In the following listing, find the lines containing "lugar" and report them.

SOURCE DATA Block Start

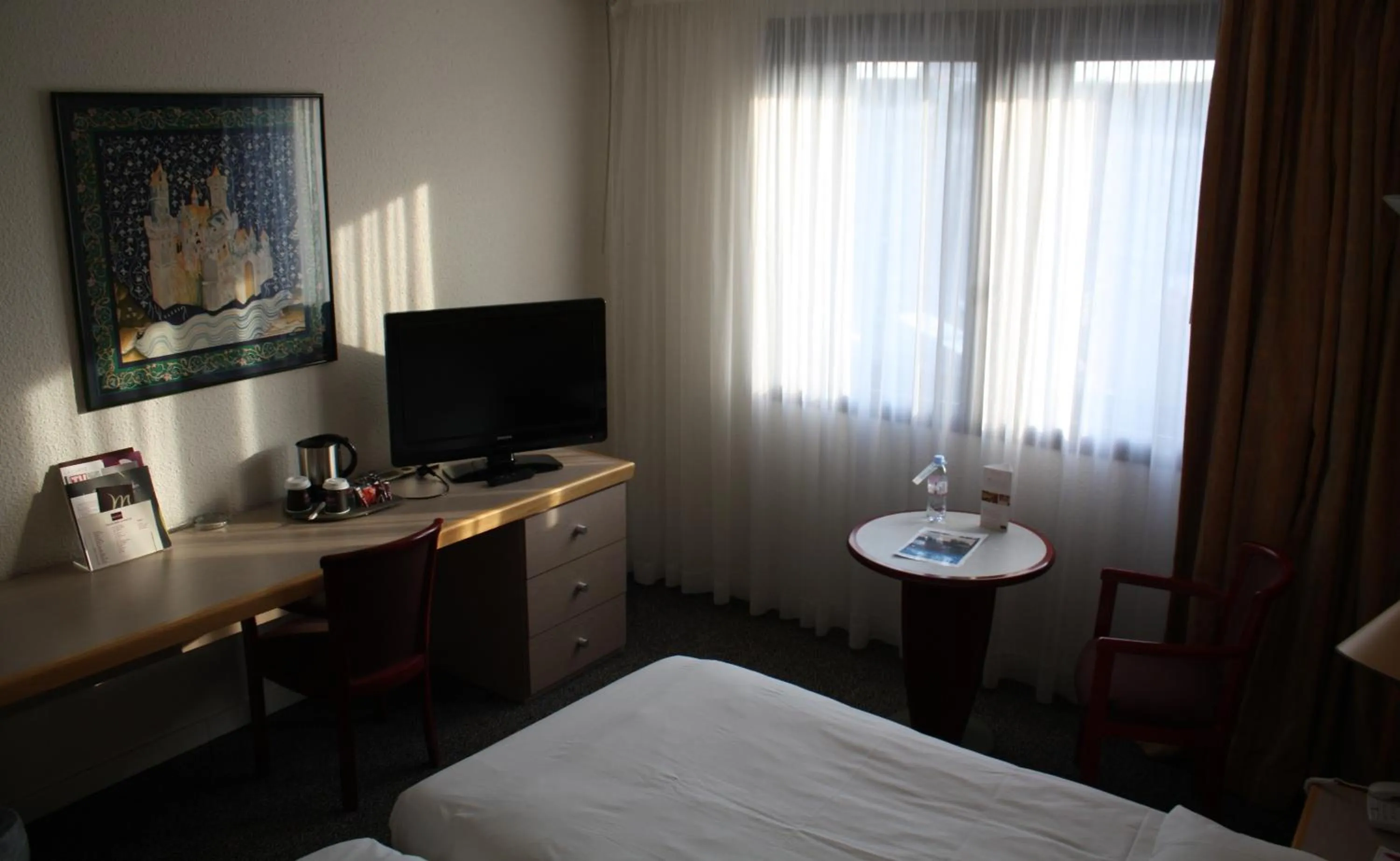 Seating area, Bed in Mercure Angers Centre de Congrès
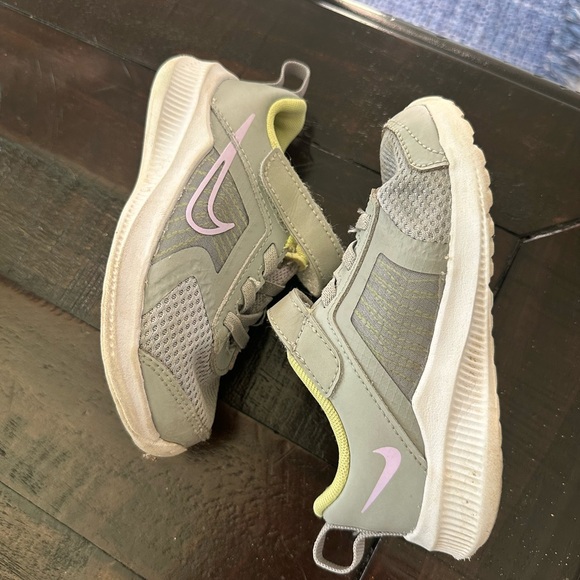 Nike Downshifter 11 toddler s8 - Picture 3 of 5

SOURCE DATA Block End
SOURCE DATA Block Start

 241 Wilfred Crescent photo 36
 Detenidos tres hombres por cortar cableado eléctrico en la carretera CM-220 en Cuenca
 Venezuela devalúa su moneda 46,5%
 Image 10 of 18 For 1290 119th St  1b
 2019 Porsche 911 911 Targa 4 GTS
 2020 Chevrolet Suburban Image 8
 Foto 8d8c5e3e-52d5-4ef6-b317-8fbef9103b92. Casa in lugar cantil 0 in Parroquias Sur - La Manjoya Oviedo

SOURCE DATA Block End
SOURCE DATA Block Start

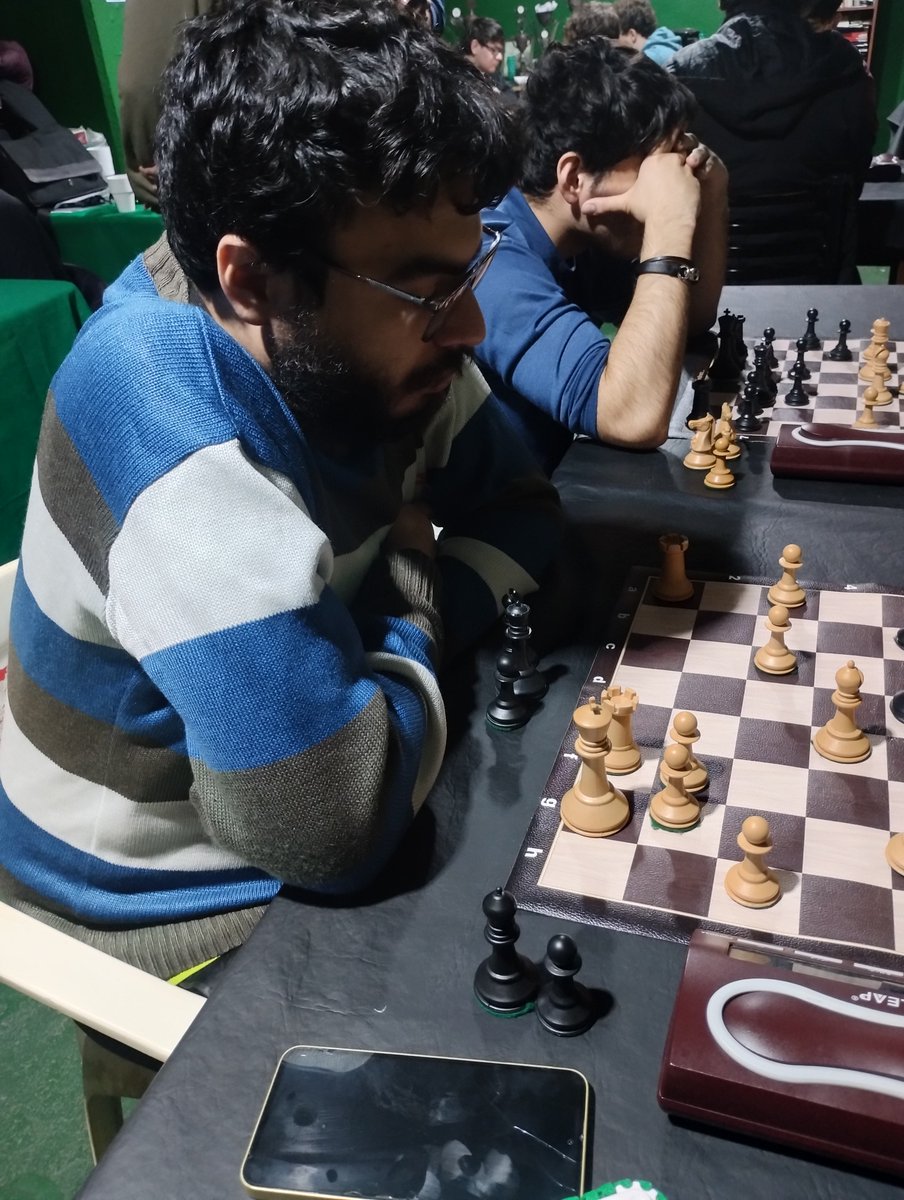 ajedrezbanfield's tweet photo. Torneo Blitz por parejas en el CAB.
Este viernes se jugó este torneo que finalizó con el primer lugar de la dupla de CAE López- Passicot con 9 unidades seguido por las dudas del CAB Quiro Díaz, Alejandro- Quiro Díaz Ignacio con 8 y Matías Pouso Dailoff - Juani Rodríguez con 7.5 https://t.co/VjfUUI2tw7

SOURCE DATA Block End

**OUTPUT OF THE EXERCISE**
 Foto 8d8c5e3e-52d5-4ef6-b317-8fbef9103b92. Casa in lugar cantil 0 in Parroquias Sur - La Manjoya Oviedo
Este viernes se jugó este torneo que finalizó con el primer lugar de la dupla de CAE López- Passicot con 9 unidades seguido por las dudas del CAB Quiro Díaz, Alejandro- Quiro Díaz Ignacio con 8 y Matías Pouso Dailoff - Juani Rodríguez con 7.5 https://t.co/VjfUUI2tw7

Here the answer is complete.